Бостар, сын Бомилькара, управляющий «Песчаным банком», — Антигону, сыну Аристида, пребывающему ныне на борту гаулы «Порывы Западного Ветра», в Мастию, Тингиз или Гадир.
Сперва прими привет, мой верный друг и господин Тигго!
О делах сообщу мало, ибо наш банк-челн, сколоченный из крепкого дерева, потонет, лишь изъеденный червями или получив пробоину. Ты знаешь, кто эти черви и кто собирается продырявить наше днище.
Перед тем как перейти к описанию несчастий, обрушившихся на наш город, расскажу сперва о том, что хорошего и плохого происходило в жизни близких тебе людей. Твоя мать Антима умерла, так и не сказав ничего напоследок, а старик Псаллон, напротив, перед уходом в царство мертвых по обыкновению своему шутил и смеялся. А ведь многие напрасно молит богов ниспослать им легкую смерть. Аргиопа вместе с детьми успела вовремя покинуть загородное имение.

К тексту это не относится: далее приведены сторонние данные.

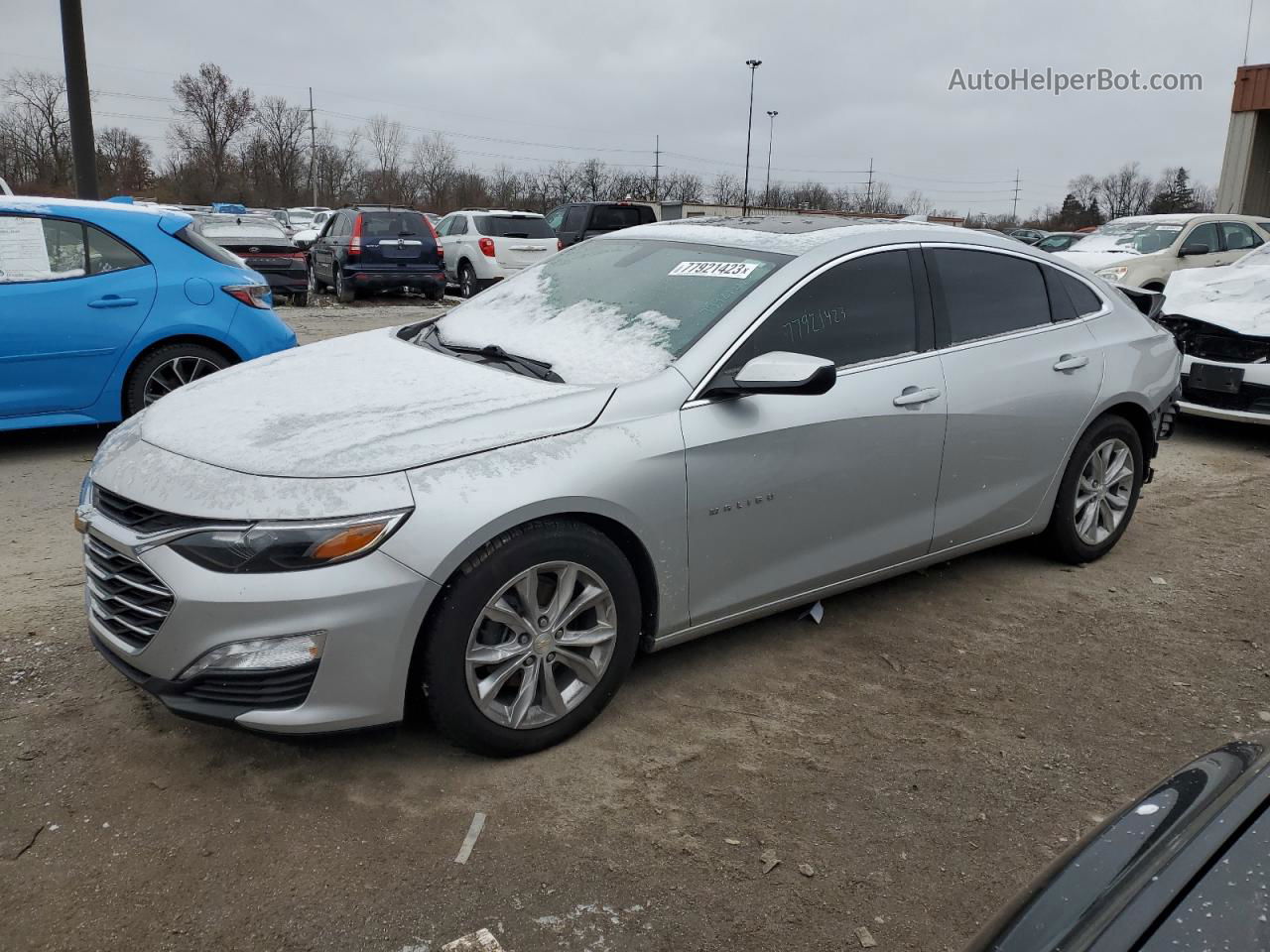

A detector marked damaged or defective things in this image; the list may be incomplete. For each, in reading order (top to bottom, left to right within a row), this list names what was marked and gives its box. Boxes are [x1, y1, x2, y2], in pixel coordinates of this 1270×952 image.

damaged white car [1163, 243, 1270, 426]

Ты можешь больше не опасаться Ганнона Обманутого, о сын метека и осквернитель коз. Он как-то появился в нашем банке в сопровождении четверых телохранителей и, фыркая от ярости, потребовал вести его к тебе. Я спокойно ответил, что для открытия счета и получения ссуды нужно приходить без вооруженных людей. Больше мы его не видели.
Теперь о главном. Когда положение в городе стало совершенно невыносимым, а Совет никак не мог принять окончательного решения, наемникам предложили перебраться в Сикку. Дескать, там и воздух чище, и съестных припасов побольше. Воины согласились, поскольку им уже выдали какую-то часть жалованья, но по дороге они увидели столько богатых домов и роскошных дворцов, что сразу же усомнились в отсутствии денег в казне Карт-Хадашта.

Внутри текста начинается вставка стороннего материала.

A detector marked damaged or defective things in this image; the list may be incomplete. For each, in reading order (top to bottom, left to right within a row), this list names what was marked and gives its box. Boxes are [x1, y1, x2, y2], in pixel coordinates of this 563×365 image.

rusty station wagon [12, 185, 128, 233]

Перевод наемников в Сикку был роковой ошибкой еще и потому, что ливийцы, принимавшие участие в Сицилийской войне, по пути встретились со своими родными и близкими и узнали от них о кровавых деяниях Ганнона. Еще большей глупостью было отправить его к ним на переговоры. Но умиротворителю Ливии не удалось снискать себе еще и славу спасителя Карт-Хадашта. Наемники наотрез отказались иметь с ним какие-либо дела.
И вот теперь почти все они вернулись и обосновались в Тунете. Совет наконец услышал звон их мечей. Наши погрязшие в роскоши правители согласились расплатиться, вот только не знаю, где они возьмут деньги. Александрия отказалась одолжить необходимую сумму. Наемники уже несколько раз вплотную подходили к Большой стене и сравняли с землей купленное у тебя Ганноном селение. Уж не знаю, смеяться ли мне по этому поводу или плакать. Они уже требуют не только выплатить им полностью жалованье, но и выделить лошадей взамен погибших на войне и оплатить расходы на еду. Все переговоры они желают вести исключительно с Гисконом.
Правда, лучше всего они знают Гамилькара, он пользуется большим уважением, однако в настоящее время предводители мятежников не желают встречаться с ним. Дескать, бывший стратег забыл о них. Но я лично полагаю, что он просто слишком опасен для зачинщиков мятежа, так как знает чуть ли не каждого наемника и говорит на их языках.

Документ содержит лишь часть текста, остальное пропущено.